It is said to represent a “cosmic constant” found in the curvature of elephant tusks, the shape of a kudu’s horn, the destructive beauty of Hurricane Katrina, and in the astronomical grandeur of how planets, moons, asteroids and rings are distributed in the solar system, to name but a few.
Now, researchers from the Universities of the Witwatersrand and Pretoria are also suggesting that the “Golden Ratio” – designated by the Greek symbol ∅ (letter Phi) with a mathematical value of about 1.618 – also relates to the topology of space-time, and to a biological species constant (T).

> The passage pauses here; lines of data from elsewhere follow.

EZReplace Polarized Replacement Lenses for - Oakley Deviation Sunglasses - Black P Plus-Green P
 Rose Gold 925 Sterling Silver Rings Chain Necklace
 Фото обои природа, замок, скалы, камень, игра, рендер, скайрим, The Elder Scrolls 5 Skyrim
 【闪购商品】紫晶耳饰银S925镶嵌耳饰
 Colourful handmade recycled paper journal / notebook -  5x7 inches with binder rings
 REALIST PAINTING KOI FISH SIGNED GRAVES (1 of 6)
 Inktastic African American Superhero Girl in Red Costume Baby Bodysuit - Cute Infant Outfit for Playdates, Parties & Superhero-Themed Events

Jan Boeyens, a former Wits University Professor and now at the Centre for Advancement of Scholarship at the University of Pretoria, and Professor Francis Thackeray, a palaeontologist at Wits University’s Evolutionary Studies Institute, present their latest research in scientific correspondence, titled: Number theory and the unity of science, published online in the South African Journal of Science (SAJS) on Wednesday, 26 November 2014. Read the article here.
Boeyens and Thackeray have a shared interest in how the Golden Ratio is expressed, from the spiral structure of the cochlea ear-bone in a 2-million-year-old fossil hominin from the Cradle of Humankind World Heritage Site in South Africa; to the logarithmic spirals of inter-stellar galaxies, the structure of DNA, the growth of many plants, and even in the Periodic Table of the elements.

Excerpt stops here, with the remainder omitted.